Since their discovery almost 100 years ago, ferroelectrics have made their way into countless applications that reply on their superior piezoelectric, pyroelectric, dielectric and optical properties. Yet despite a century of research, these materials continue to surprise, and their technological potential seems far from being exhausted. Recent research reveals that domain walls in ferroelectrics can host unexpected properties such as enhanced conductivity, magnetism and unusual polarization arrangements. At the same time, the properties of ferroelectrics change dramatically when their dimensions are reduced, motivating an intense activity on nanoscale ferroelectricity. In this context, epitaxial heterostructures consisting of ferroelectric oxides have emerged as a fascinating playground for discovering exotic polarization configurations that are not accessible in bulk materials.
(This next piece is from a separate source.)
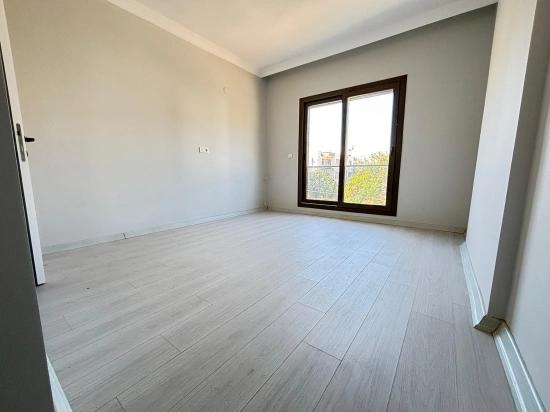 3+1 Villa For Sale In Menderes Özdere, 500 Meters From The Beach, With Parking And Large Garden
The behaviour of ultrathin ferroelectrics is determined largely by the mechanical and electrostatic boundary conditions, which can be effectively manipulated, enabling the realization of materials with tailored polarization structures and unusual properties.
In this seminar, we will discuss how the electrostatic boundary conditions at interfaces in ferroelectric-dielectric superlattices lead to the formation of highly inhomogeneous polarization arrangements ranging from dense stripe domains to polar bubbles and skyrmion-like patterns. Such polarization structures have a profound effect on the dielectric response of these artificially layered materials and give rise to the so-called negative capacitance behaviour that could help to reduce the power consumption of field effect transistors.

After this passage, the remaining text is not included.